Sementara itu, Kepala Dinas (Kadis) PUPR Kabupaten Matim, Yoseph Marto, menyampaikan, Dinas PU dan BPBD sudah melakukan langkah-langkah teknis untuk penanganan awal bencana longsor itu, seperti membersihkan saluraan utama dari material batu dan pasir.


“Kita tetap berkoordinasi dengan Balai Wilayah Sungai Nusa Tenggara II (BWS NT II), untuk penangan lebih lanjut. Kerusakan yang terjadi cukup besar dan ini membutuhkan biaya yang tidak sedikit juga. Untuk itu, Pemerintah Daerah (Pemda) akan tetap membangun komunikasi dan koordinasi ke BWS NT II yang ada di Kupang. Selain pembersihan saluran utama dari sedimen pasir dan batu, beberapa titik longsor yang menutupi jalan juga sudah dibersihkan," papar Yos Marto.

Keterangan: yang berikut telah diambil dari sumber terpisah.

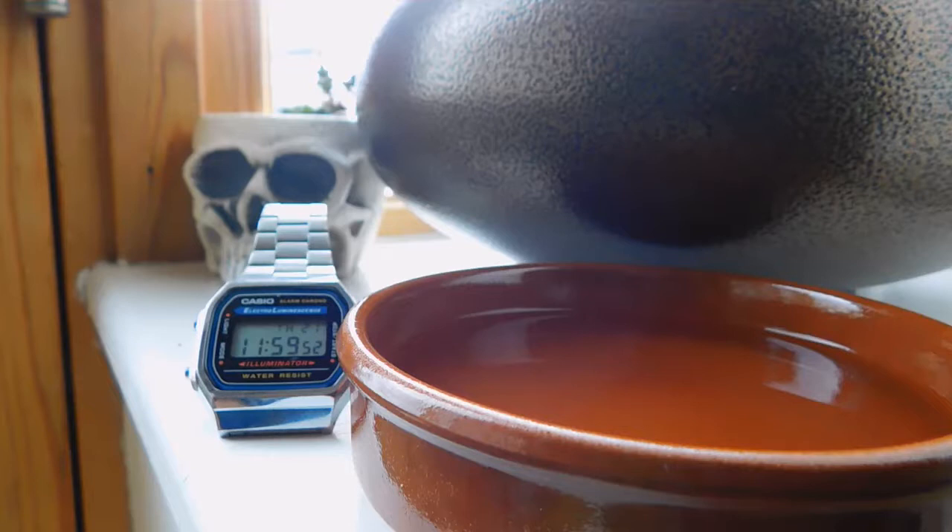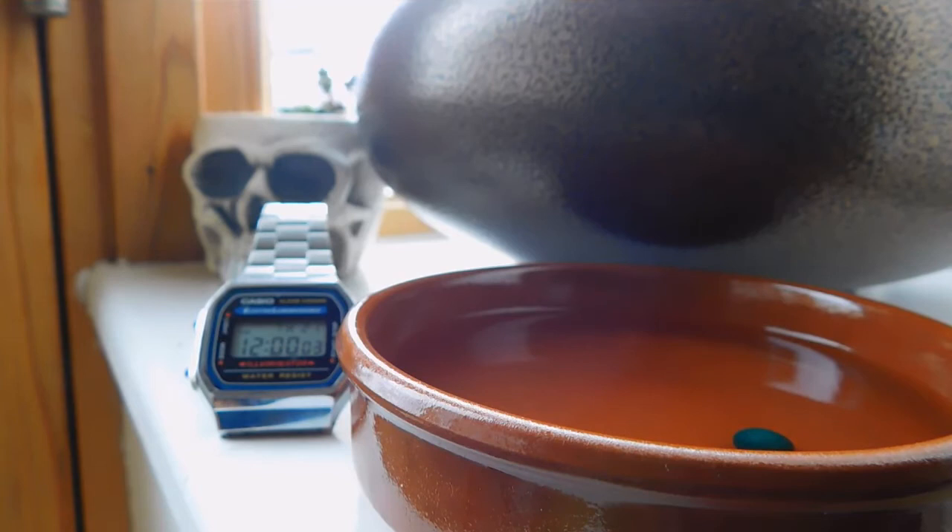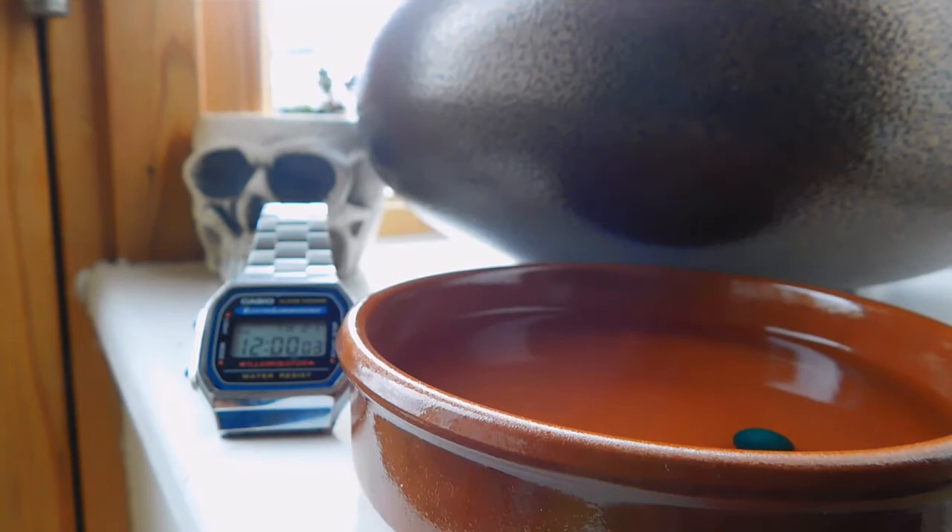Hey, what's up everyone. Today we're going to be having a look at how long it takes for clay ammo to disintegrate. As you can see, I'm going to be popping in two different types of clay ammo into the water and let's get started. As you'll notice, one of them starts coming apart pretty soon.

Untuk diketahui, Bendungan Wae Laku merupakan salah satu bendungan terbesar di Kabupaten Matim, merupakan Daerah Irigasi kewenangan pusat dengan Sub DI Wae Dingin dan dibangun pada tahun 2017. Bangunan utama Bendungan Wae Laku berlokasi di Desa Compang Kantar, Kecamatan Ranamese, di mana salurannya mengalir serta mengairi areal persawahan tiga desa di Kecamatan Borong yakni, Desa Bangka Kantar, Desa Golo Kantar dan Desa Nanga Labang.


Turut serta dalam peninjauan lokasi longsor tersebut, Kapolres Matim, Kadis PUPR, Plt. Kepala BPBD, Kadis Pol PP dan sejumlah Staf Teknis Bidang SDA dan Bina Marga Dinas PUPR.